== Exercise goal ==
Starting at the line with "April Birthstone Emerald", copy each line through the last one below exactly as written, without any pictures.

== Excerpted records ==
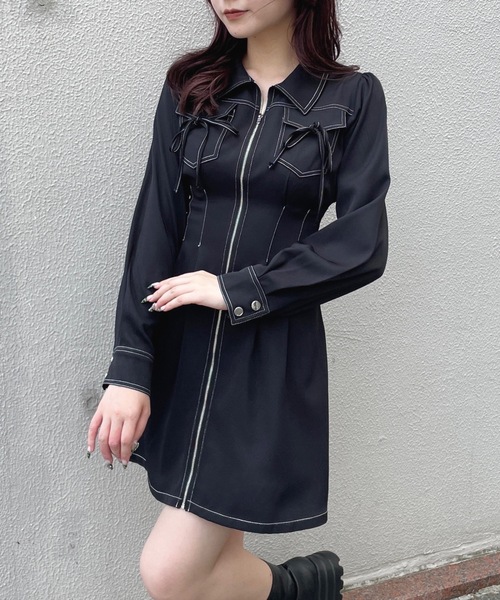 one way（ワンウェイ） ワンピース 長袖フロントジップワンピース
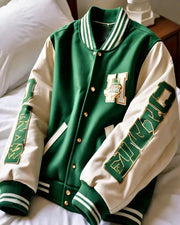 Classic green and white letterman jacket front view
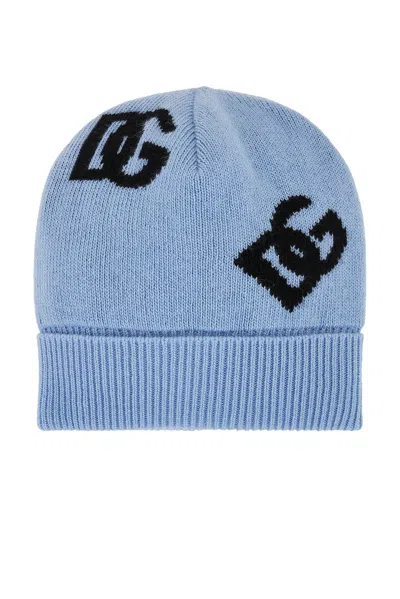 Dolce & Gabbana Dg Logo Jacquard Wool Beanie In Blue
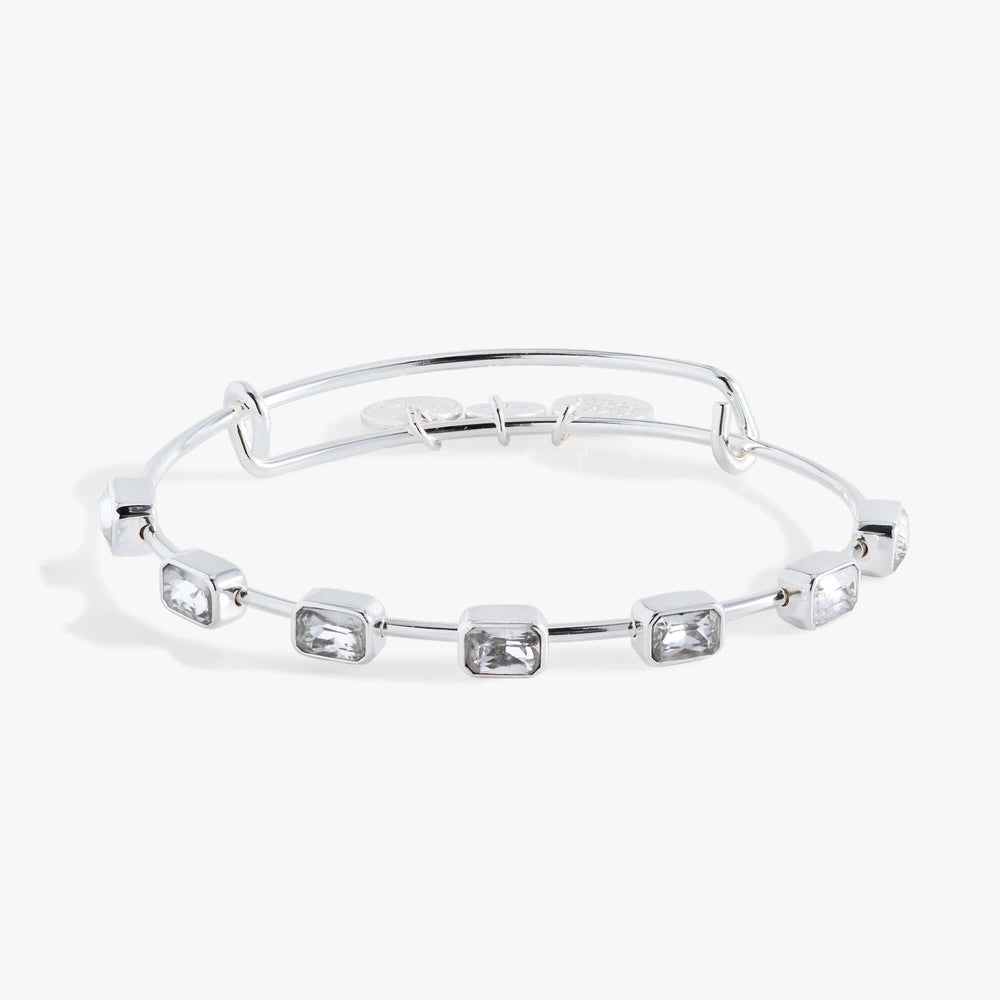 April Birthstone Emerald Cut Bangle | Boutique In USA, Bracelets, $ 34.00, A Moment Of Now™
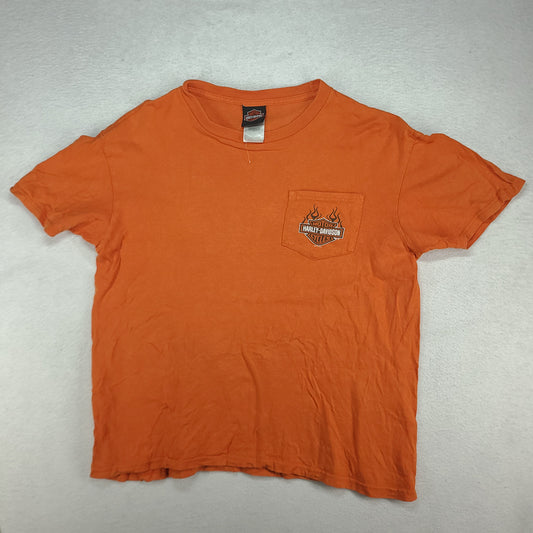 Harley Davidson Shirt Orange Size L Voodoo New Orleans Louisiana French Quarter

== The completed task ==
 April Birthstone Emerald Cut Bangle | Boutique In USA, Bracelets, $ 34.00, A Moment Of Now™
 Harley Davidson Shirt Orange Size L Voodoo New Orleans Louisiana French Quarter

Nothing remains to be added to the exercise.